Ces évolutions pourraient devenir une opportunité nouvelle pour des parties prenantes peu impliquées en normalisation. Elles nécessitent aussi une adaptation des experts déjà impliqués (développement d’autres compétences que leur simple expertise technique).
Dans ce contexte, il s’agit donc ensuite d’apporter quelques enseignements et recommandations pour aider à toute partie prenante à s’intéresser à la normalisation en l’utilisant pour porter sa stratégie mais aussi pour inviter et aider les experts déjà impliqués à décoder les stratégies des autres parties prenantes dans les structures normatives où ils travaillent
Lancer un nouveau domaine normatif ou bien un chantier normatif spécifique, force l’attention portée sur le sujet avec une recherche de consensus sur la façon de l’appréhender : le fait de réunir des parties prenantes autour d’une thématique ou d’un sujet spécifique met en lumière l’importance d’un sujet, via la création de structures dédiées au débat et des appels à experts associés.
La phase de publication de la norme est une période particulièrement propice à la communication : Elle est de fait souvent accompagnée d’une communication renforcée par les organisations de normalisation internationales (ISO, IEC, ITU), européennes (CEN, CENELEC, ESTI) ou nationales (ex : AFNOR pour la France).
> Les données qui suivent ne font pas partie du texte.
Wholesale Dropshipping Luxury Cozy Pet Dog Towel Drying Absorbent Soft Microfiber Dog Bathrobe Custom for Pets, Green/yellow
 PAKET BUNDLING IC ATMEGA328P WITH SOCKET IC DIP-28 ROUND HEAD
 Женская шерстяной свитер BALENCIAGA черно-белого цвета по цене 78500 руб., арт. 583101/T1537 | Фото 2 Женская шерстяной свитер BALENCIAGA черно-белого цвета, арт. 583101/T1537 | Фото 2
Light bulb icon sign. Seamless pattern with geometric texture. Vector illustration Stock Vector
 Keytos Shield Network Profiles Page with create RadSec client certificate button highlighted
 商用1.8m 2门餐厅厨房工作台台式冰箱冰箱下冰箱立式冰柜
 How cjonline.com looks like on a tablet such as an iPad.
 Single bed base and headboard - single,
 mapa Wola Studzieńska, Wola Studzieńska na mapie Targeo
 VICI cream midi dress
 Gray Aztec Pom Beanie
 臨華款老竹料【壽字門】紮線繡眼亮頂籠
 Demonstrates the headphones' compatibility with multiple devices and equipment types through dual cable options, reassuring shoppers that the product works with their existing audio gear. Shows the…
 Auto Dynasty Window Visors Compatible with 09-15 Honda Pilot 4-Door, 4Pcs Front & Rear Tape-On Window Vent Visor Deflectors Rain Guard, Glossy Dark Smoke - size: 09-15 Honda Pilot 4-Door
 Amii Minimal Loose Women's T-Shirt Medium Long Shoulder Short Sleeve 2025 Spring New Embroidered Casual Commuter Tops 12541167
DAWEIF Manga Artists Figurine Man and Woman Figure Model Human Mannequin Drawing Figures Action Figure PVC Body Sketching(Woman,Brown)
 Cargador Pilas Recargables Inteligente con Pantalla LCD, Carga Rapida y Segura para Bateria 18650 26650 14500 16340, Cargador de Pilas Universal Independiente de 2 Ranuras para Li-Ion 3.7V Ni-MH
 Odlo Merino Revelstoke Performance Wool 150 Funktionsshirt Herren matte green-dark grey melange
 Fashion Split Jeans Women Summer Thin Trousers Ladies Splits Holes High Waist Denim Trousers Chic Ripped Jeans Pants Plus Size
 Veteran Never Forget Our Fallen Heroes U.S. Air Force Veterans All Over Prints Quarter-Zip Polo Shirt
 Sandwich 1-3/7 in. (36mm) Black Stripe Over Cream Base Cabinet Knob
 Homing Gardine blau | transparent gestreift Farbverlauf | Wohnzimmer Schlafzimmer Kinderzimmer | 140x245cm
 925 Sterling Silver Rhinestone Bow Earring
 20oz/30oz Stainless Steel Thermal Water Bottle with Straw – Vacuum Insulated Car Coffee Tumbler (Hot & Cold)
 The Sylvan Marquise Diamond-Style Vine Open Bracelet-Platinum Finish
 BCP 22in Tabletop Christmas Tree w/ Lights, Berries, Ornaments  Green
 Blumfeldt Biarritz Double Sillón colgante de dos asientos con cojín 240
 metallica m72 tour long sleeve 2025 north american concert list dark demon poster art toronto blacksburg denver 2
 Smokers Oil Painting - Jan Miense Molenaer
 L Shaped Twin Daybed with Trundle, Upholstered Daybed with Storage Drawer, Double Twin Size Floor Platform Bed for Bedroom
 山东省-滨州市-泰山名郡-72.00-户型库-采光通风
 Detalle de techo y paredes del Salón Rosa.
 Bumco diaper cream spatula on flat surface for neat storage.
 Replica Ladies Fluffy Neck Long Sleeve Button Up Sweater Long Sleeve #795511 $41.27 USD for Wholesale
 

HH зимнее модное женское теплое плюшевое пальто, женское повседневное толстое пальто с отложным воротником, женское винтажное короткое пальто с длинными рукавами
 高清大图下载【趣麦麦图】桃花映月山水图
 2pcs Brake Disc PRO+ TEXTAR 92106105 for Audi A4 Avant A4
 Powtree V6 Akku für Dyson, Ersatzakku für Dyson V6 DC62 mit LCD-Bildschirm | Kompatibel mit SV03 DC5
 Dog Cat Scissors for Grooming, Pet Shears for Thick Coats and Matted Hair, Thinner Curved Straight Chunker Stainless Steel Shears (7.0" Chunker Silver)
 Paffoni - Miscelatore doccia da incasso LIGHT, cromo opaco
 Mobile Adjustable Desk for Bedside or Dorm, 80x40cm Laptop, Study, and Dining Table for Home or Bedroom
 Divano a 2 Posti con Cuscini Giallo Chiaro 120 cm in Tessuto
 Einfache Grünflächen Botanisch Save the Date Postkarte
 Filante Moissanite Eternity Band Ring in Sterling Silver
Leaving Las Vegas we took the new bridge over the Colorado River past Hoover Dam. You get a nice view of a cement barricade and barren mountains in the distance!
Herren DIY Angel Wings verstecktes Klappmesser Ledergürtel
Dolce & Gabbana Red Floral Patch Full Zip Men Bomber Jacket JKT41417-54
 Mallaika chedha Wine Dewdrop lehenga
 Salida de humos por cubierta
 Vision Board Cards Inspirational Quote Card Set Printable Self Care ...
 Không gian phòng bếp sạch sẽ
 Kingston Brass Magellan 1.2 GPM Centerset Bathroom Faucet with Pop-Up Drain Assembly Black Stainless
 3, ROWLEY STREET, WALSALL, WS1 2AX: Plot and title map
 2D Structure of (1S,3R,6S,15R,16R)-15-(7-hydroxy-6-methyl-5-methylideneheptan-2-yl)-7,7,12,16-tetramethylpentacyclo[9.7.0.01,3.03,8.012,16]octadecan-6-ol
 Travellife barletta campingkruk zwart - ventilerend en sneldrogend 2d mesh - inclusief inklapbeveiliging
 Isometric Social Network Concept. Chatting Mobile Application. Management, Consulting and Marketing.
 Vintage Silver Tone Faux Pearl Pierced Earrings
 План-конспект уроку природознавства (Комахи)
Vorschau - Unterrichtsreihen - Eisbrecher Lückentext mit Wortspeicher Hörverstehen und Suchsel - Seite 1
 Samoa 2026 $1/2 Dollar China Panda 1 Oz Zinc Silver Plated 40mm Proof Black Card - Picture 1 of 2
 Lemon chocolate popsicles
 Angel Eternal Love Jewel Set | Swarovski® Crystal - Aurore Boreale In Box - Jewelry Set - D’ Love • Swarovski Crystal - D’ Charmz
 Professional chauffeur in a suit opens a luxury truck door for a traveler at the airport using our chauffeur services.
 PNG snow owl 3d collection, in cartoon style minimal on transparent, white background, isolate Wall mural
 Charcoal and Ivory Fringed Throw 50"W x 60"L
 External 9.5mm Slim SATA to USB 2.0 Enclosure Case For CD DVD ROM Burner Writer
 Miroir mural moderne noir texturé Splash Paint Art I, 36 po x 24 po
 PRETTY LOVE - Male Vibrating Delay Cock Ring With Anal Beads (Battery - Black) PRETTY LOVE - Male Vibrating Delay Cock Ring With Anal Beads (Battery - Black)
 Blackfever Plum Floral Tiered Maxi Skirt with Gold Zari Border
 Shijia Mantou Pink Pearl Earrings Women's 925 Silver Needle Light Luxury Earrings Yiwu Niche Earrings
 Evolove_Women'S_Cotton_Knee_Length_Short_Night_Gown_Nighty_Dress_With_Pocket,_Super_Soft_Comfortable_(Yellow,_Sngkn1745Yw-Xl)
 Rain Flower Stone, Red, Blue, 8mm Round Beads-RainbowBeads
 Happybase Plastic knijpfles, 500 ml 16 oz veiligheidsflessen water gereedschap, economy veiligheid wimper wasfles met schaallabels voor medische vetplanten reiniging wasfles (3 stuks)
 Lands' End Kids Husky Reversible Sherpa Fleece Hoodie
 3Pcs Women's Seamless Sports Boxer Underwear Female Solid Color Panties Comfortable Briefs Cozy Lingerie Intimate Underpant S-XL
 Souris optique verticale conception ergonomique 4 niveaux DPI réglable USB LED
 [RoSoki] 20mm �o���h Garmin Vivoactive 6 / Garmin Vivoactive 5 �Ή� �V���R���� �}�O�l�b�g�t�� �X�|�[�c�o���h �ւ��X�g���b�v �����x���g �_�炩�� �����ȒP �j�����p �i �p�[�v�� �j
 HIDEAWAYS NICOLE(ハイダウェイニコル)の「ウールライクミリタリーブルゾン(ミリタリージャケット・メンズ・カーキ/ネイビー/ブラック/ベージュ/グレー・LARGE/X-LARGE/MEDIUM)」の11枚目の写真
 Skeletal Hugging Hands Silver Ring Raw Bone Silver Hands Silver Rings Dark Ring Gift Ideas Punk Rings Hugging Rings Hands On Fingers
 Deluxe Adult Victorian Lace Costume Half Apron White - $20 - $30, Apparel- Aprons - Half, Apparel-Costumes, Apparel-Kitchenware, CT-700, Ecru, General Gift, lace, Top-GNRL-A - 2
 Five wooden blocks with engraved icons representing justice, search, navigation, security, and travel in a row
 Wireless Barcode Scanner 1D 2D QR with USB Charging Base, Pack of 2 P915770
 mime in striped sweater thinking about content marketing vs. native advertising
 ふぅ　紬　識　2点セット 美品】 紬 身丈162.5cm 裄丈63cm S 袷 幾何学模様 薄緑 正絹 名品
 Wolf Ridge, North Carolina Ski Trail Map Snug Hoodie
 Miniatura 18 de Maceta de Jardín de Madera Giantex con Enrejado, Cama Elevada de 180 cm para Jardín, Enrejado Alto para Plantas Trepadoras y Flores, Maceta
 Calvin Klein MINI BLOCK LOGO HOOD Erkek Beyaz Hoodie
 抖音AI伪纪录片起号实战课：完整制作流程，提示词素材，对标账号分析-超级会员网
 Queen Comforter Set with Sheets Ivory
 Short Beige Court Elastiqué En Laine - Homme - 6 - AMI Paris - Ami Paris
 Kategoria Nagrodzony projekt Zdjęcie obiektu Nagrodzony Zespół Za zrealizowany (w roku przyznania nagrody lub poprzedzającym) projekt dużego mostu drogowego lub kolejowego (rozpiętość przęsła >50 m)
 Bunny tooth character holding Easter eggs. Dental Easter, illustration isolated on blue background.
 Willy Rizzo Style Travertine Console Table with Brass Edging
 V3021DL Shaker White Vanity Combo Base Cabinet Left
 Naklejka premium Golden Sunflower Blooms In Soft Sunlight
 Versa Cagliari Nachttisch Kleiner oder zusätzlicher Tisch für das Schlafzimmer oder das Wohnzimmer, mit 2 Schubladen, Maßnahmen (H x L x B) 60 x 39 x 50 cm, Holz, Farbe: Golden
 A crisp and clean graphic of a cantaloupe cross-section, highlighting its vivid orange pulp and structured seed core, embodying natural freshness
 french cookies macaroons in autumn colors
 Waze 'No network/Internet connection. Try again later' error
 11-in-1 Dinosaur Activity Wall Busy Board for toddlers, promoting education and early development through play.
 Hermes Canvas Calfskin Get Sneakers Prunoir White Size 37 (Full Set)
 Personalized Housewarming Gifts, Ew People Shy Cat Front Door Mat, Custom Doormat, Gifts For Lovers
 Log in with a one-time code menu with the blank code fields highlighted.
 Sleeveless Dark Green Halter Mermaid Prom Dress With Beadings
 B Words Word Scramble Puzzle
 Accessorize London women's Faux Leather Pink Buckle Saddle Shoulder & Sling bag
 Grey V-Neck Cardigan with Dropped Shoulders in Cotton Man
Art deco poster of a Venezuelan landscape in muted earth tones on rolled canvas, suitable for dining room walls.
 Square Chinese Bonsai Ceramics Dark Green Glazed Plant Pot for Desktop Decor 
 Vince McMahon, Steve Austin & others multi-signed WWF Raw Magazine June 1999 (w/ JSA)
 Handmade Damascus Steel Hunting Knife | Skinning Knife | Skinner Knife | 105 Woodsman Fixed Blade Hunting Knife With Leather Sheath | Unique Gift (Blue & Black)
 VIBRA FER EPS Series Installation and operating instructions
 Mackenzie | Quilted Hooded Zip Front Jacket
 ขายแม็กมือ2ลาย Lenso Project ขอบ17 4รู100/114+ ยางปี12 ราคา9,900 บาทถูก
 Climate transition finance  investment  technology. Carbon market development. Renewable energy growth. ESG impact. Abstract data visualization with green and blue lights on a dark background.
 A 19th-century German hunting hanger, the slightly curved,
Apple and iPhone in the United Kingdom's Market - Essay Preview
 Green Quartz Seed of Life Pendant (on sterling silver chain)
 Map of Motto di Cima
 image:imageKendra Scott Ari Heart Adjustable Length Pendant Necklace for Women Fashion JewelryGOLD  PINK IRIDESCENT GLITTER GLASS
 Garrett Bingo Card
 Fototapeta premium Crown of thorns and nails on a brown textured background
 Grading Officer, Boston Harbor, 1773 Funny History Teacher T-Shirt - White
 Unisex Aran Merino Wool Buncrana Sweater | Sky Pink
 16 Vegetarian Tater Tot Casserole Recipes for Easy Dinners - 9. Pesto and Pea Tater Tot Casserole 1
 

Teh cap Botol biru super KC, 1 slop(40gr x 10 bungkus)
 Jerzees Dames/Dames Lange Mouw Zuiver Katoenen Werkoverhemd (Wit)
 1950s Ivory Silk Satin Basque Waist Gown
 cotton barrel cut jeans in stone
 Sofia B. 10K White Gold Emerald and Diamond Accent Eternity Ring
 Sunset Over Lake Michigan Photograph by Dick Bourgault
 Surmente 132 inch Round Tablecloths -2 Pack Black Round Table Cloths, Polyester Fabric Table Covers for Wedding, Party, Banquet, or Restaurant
Les examens systématiques tous les 5 ans sont aussi l’occasion de remettre le sujet sur la table et de resensibiliser à l’importance du sujet traité par la norme.
La norme doit être considérée non seulement pour la valeur de son contenu mais aussi pour les messages et débats qu’elle véhicule sur un sujet : quelle que soit la qualité intrinsèque et l’applicabilité du document, cette dimension doit être considérée par les experts dont la maturité en matière de communication est relativement variable avec deux postures extrêmes :
Certains ne s’attachent qu’au contenu technique du texte et se privent de fait de la puissance du vecteur de communication qu’elle peut induire ;
D’autres considèrent en revanche en priorité l’outil de communication associé avec le risque qu’en le privilégiant à outrance, la finalité du document se perde ce qui peut nuire à son caractère opérationnel pour des utilisateurs.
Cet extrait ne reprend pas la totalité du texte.